The key specification is the last line, which defines the random effects as a separate block of parameters to be estimated using Gibbs sampling.
When you use the reffects()
option Stata supresses
printing the random effects. An alternative is to use the
noshow
option. You can also select exactly what to print
using the command bayesstats summary
.
As you would expect from Stata, the Bayes estimation procedures have excellent graphic facilities. Here’s how to generate diagnostic plots for the variance parameter at the mother level:
. bayesgraph diagnostics {mother:var} . graph export bayesmvar.png, width(700) replace file bayesmvar.png saved as PNG format
The graph reveals “slow mixing” and high auto-correlation, which is a common occurrence with variance parameters, but a comparison of the first and second halves of the Markov chain is reassuring. Try running similar diagnostics for the other parameters.

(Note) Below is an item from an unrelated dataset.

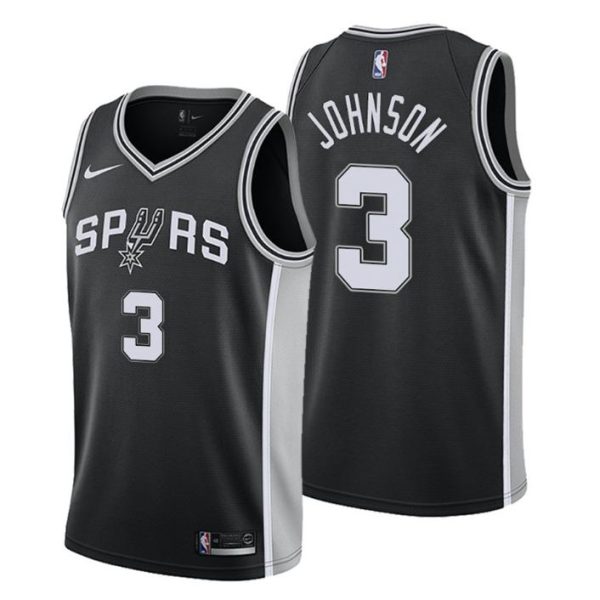 Herren 2019-20 San Antonio Spurs Trikot #3 Keldon Johnson Icon Schwarz Swingman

A naive specification of the model would use i.mother
for the random effects, most likely after using
fvset base none mother
to ensure that all units get a
random effect. Even if these parameters are specified as a separate
block you will have serious convergence problems, even though the model
is exactly the same. The Stata documentation notices a similar problem
with their example.
Here is a comparison of the four estimation methods we have used on the same data. (The Stata results quoted are from an earlier run using Stata 14, but are almost identical to the current results.)
Variable | melogit | Gibbs | Stan | bayesmh |
---|---|---|---|---|
loginc | 0.562 | 0.569 | 0.581 | 0.573 |
distance | -0.077 | -0.077 | -0.077 | -0.074 |
dropout | -1.998 | -2.037 | -2.088 | -2.029 |
college | 1.034 | 1.056 | 1.094 | 1.020 |
constant | -3.370 | -3.415 | -3.488 | -3.443 |
s2 | 1.548 | 1.532 | 1.918 | 1.709 |
We note general agreement, as all procedures would lead us to the same conclusions.